Brand new to this, and from what I've read, amazon pays twice a week(Tuesday and Friday). Does the money always show up in your account the next day?


----------



## Drgnslyr221 (Sep 13, 2017)

Mine usually shows up by 6pm that day, but that may not be the case with your bank.


----------



## pdaddy (Jun 5, 2017)

Drgnslyr221 said:


> Mine usually shows up by 6pm that day, but that may not be the case with your bank.
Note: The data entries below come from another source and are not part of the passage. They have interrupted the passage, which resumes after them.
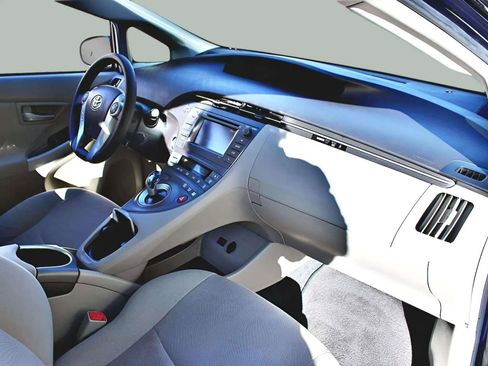 Used 2012 Toyota Prius Two image 23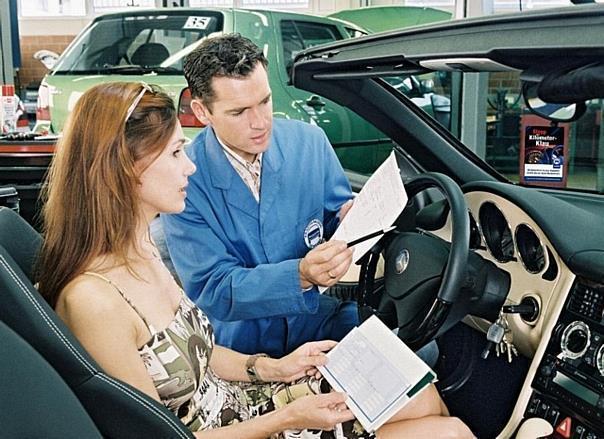 Beim Autokauf vertrauen die Deutschen auf Fachleute. Foto:Auto-Reporter/ZDK/GP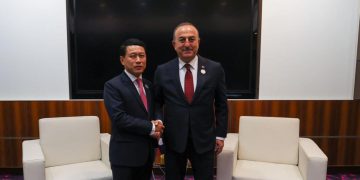 مولود چاووش‌اوغلو در قطر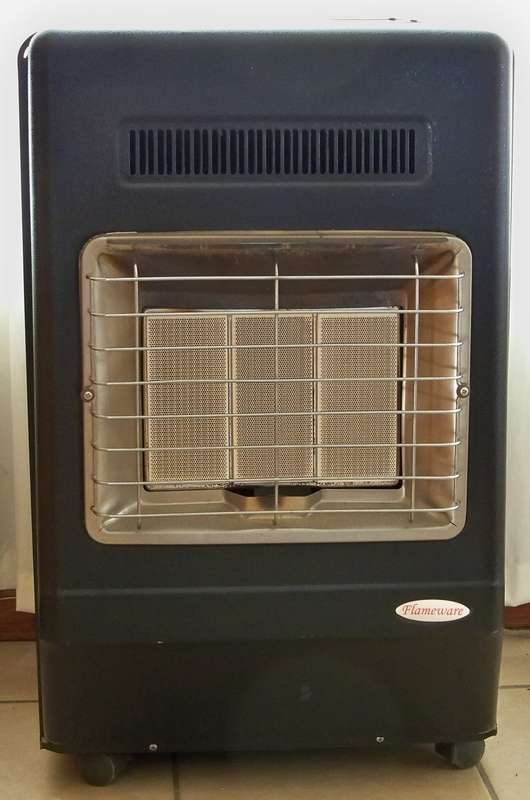 9kg 3 panel GAS HEATER on castors, free empty 9kg gas bottle. Perfect working condition. Collect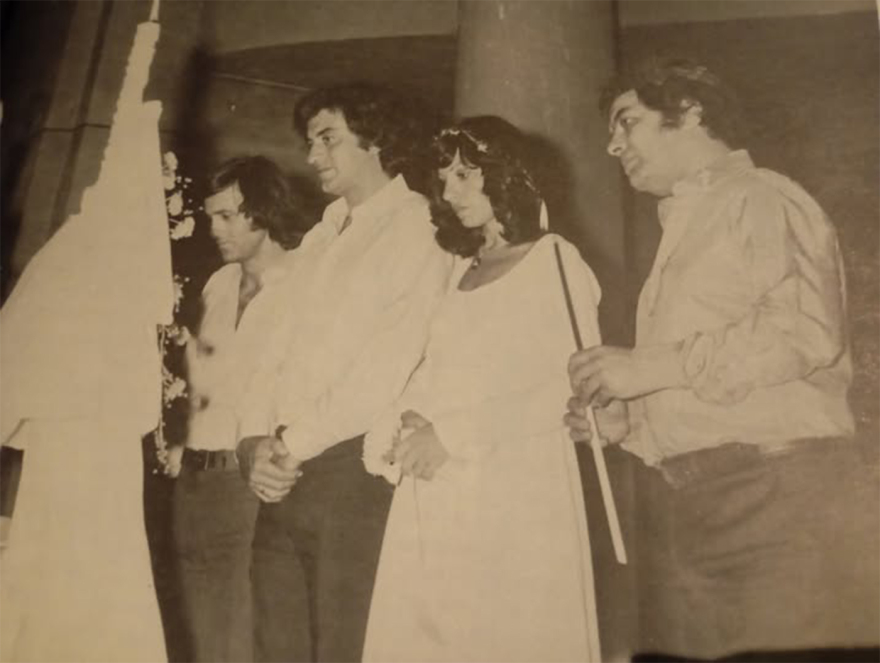 Αχιλλέας Θεοφίλου: Η ιστορία του ελληνικού τραγουδιού μέσα από το άλμπουμ της ζωής του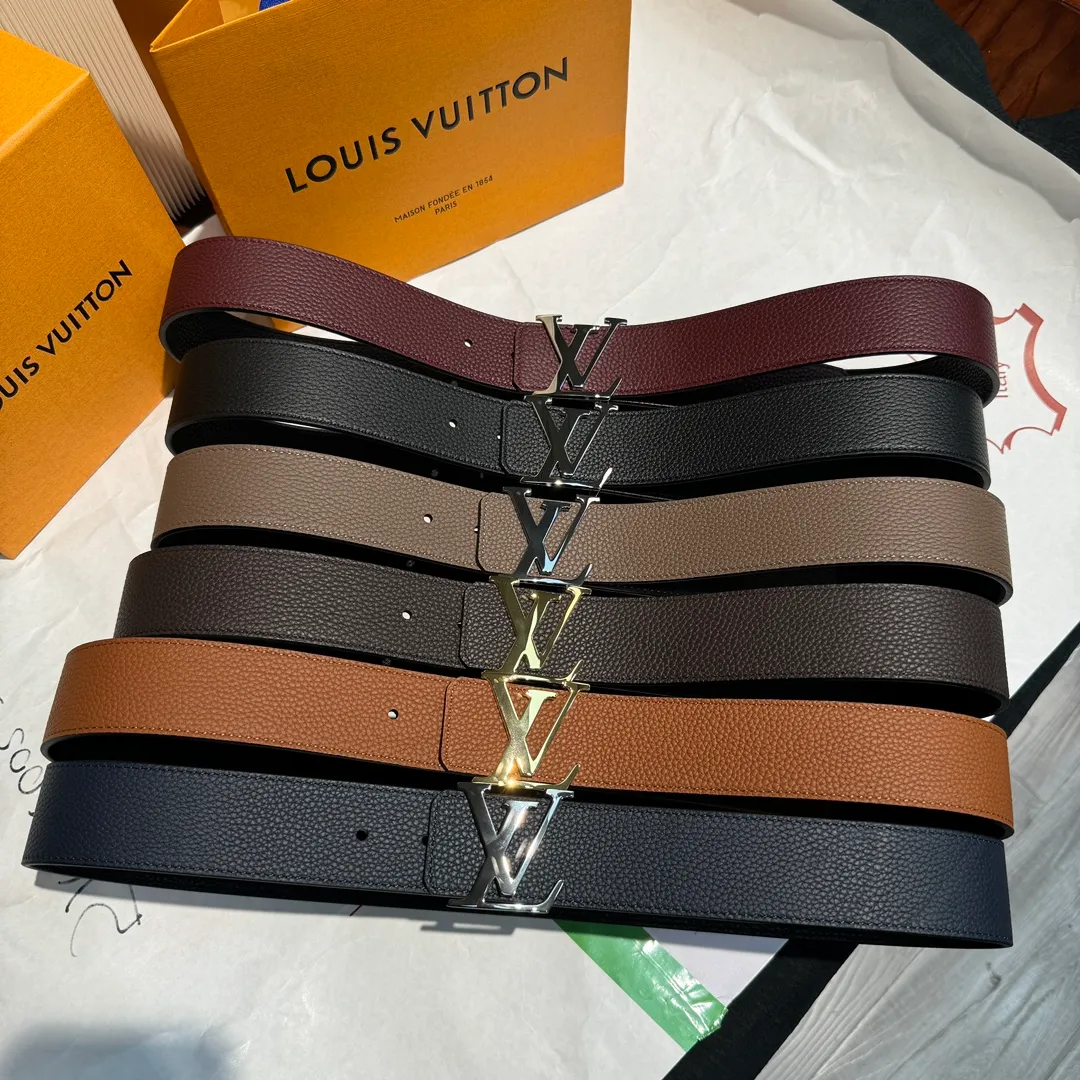 💰480💰Full package💰 💍Purchasing-grade LV luxury modern Taurillon leather, decorated with the brand's iconic LV initials, simple and elegant style. The belt is soft and strong, suitable for both formal wear (such as formal wear) and casual wear, and is highly practical. Width 4.0cm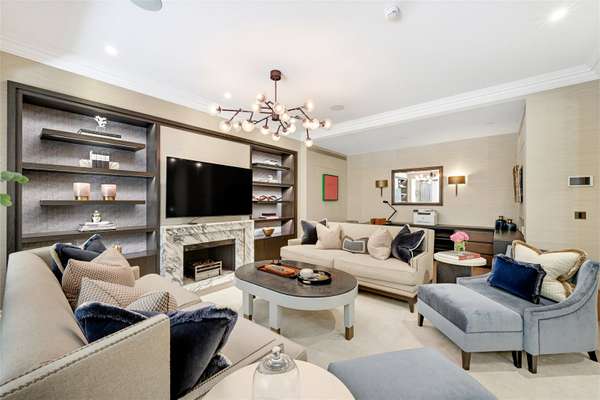 House Eaton Square in City of Westminster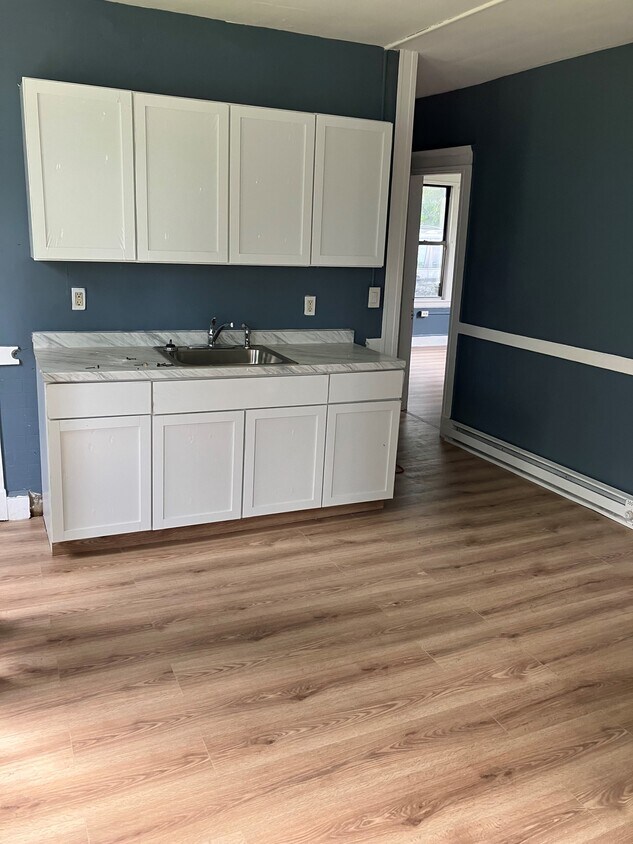 Foto principal - 141 Draher St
On Wednesday and Saturday?


----------



## Movaldriver (Feb 20, 2017)

Tuesday and Friday


----------



## Drgnslyr221 (Sep 13, 2017)

pdaddy said:


> On Wednesday and Saturday?


 No, Tuesday and Friday


----------



## enigmaquip (Sep 2, 2016)

Like any electronic transfer for pay, the payment is initiated on a given day (in this case tuesday and friday) and different banks post them to your account at different times depending on how they reconcile them. So noone can give you a perfect answer.... All we can say is that amazon initiates the pay on tuesday and friday


----------



## nighthawk398 (Jul 21, 2015)

Sane day


----------



## soupergloo (Jul 24, 2015)

I'll get the email for the deposit in the morning, and the money is always available in my account by 2:30 PM PST same day.


----------



## Movaldriver (Feb 20, 2017)

Mine at 2 pm PST


----------